Per quanto riguarda Giappone e Corea, invece, i demografi hanno un’altra ipotesi: "Sono entrambe nazioni in cui le disparità di ‘genere’ sono ancora forti. La famiglia ha un ruolo importante, in cui gli uomini lavorano molto e le donne hanno il doppio carico di lavoro dentro e fuori casa". Insomma, l’indicatore di sviluppo umano dovrebbe forse prendere in esame anche un terzo parametro: le relazioni tra uomini e donne e la parità dei sessi.
E in Italia? "Per noi l’anno della svolta è stato il ’94 quando abbiamo raggiunto un indice di sviluppo umano pari a 0,892", spiega ancora Billari. In 15 anni il nostro Paese è quindi risalito dal tasso di (in)fertilità record di 1,2 figli per donna all’1,35 attuale. Non che la situazione sia completamente cambiata ma almeno un primo passo in avanti è stato fatto: l’Italia è al 19° posto nella classifica dell’indice di sviluppo umano presa in considerazione dai demografi. Il margine di miglioramento è notevole anche sul fronte della fertilità: nella classifica dei figli per donna siamo sì fermi al 29° posto, ma a ogni incremento di 0,05 punti nell’indice di sviluppo corrisponderebbe un aumento dello 0,2 del tasso di fertilità. E’ poco, ma è un segnale positivo.
Nel Mezzogiorno però le donne fanno sempre meno figli e questo potrebbe essere spiegato dal fatto che l’indice nel Mezzogiorno non ha ancora superato la fatidica quota 0,86. Ma non è escluso che ― come avviene in Giappone e in Corea ― possano influire fattori legati alle dinamiche familiari.
L’ultima questione è legata all’immigrazione. Quanto influisce sui tassi di fertilità nei Paesi più sviluppati? "Non direi proprio che le cose possanno essere messe in questo modo ― risponde Billari ― gli immigrati danno un contributo ma bisogna tenere conto che, una volta stabilizzati nel nuovo Paese, anche loro cominciano a fare meno figli. E poi basta vedere l’esempio della Francia: Oltralpe l’immigrazione è in calo mentre il tasso di fertilità è in crescita, al punto da sfiorare ormai i 2 figli per donna". Morale: "Un Paese con un alto indice di sviluppo umano attrae di più gli immigrati ma convince anche gli abitanti storici a fare figli".
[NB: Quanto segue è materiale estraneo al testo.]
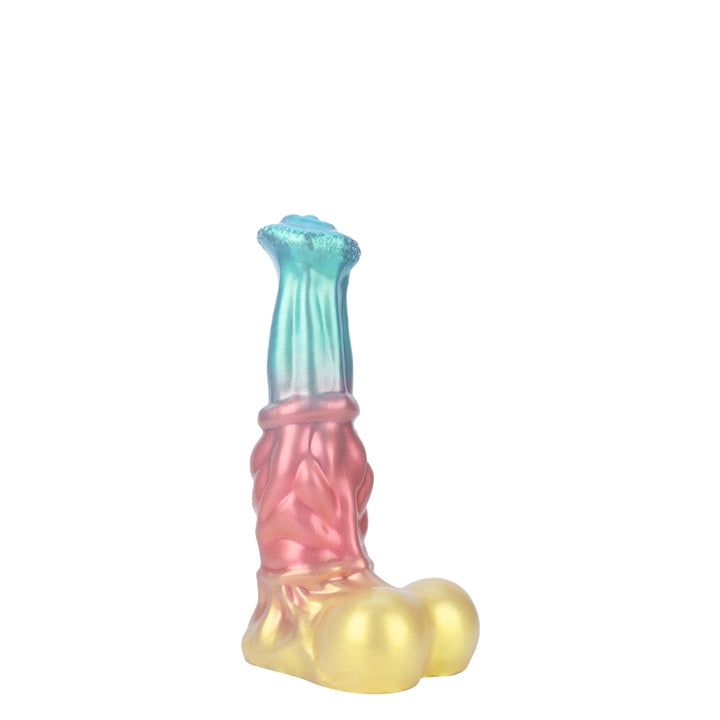 Fantasy Unicorn Platinum Silicone Dildo 5.7 Inch - Metallic Rainbow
La ricerca non si sbilancia nella valutazione delle politiche che incentivano le famiglie ad allargarsi. "Paesi che hanno in comune tassi di fertilità elevati hanno raggiunto l’obiettivo attraverso vie diverse. Negli Stati Uniti il reddito procapite molto elevato permette a ciascuno di costruirsi un welfare familiare su misura, fatto di tate e baby sitter. In altri Paesi si è puntato di più sui servizi pubblici", conclude Billari. Studiosi a parte, spetta a ciascuno di noi individuare la propria ricetta.